CC-201b · Module 2
Debug Log Strategies
3 min read
When something breaks and the error message is not enough, strategic logging is the fastest path to understanding. The pattern with Claude is deliberate: do not add console.log everywhere and hope for the best. Instead, form a hypothesis about where the bug is, tell Claude your hypothesis, and ask it to add targeted log statements at the specific decision points that will confirm or refute your theory. "I think the issue is in the auth middleware — add a log before the token verification step and after it, including the token value and the verification result."
Claude excels at interpreting error output once it has it. Paste an error stack trace directly into the conversation and Claude will trace the call chain, identify the likely failure point, and propose a fix. The same works for log output — paste the log lines and say "here is what the application logged when the bug occurred." Claude maps the log values back to the code paths and identifies where the behavior diverges from the expected flow. The combination of targeted logging and Claude's interpretation creates a debugging loop that is faster than stepping through a debugger in most cases.

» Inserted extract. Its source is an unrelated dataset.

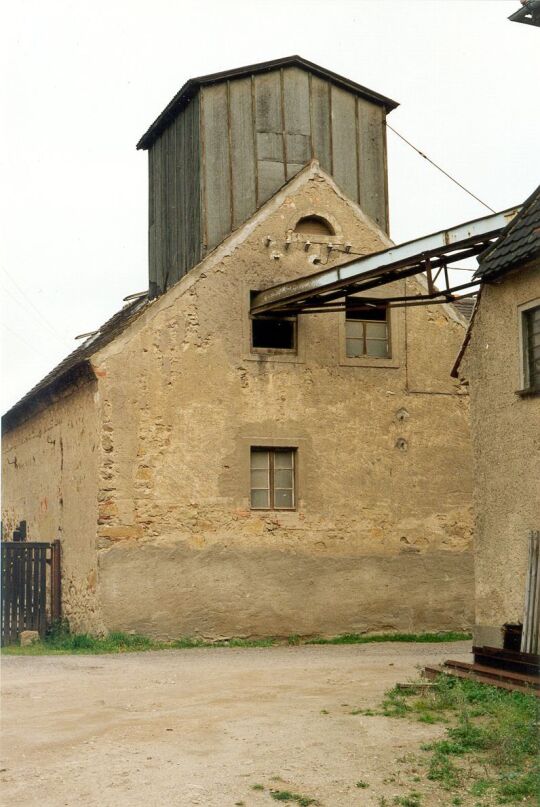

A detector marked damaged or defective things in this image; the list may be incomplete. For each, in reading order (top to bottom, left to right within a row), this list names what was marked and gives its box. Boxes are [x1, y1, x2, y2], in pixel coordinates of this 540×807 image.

broken attic window [346, 298, 388, 358]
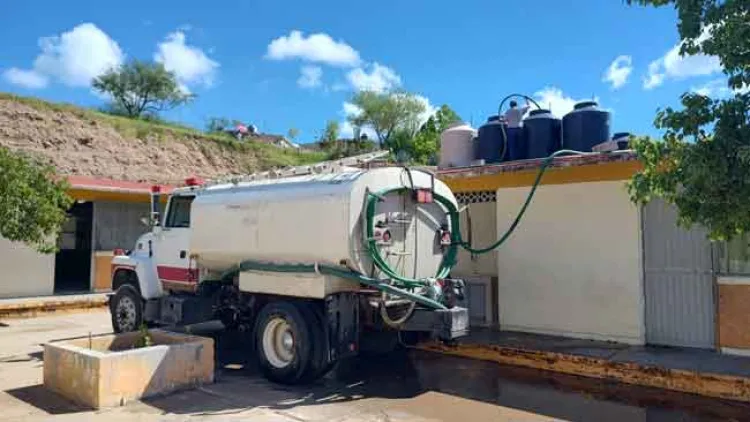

- Step 1: Hypothesize Before adding any logs, form a theory about where the bug is. "I think the user object is null after the auth check" is a hypothesis. "Something is broken" is not.
- Step 2: Instrument Tell Claude to add targeted log statements at the specific decision points that will prove or disprove your hypothesis. Include relevant variable values, not just "reached here" markers.
- Step 3: Reproduce Run the failing scenario and collect the log output. Copy the relevant lines.
- Step 4: Interpret Paste the log output into Claude. It will map values back to code paths, identify the divergence from expected behavior, and propose a targeted fix.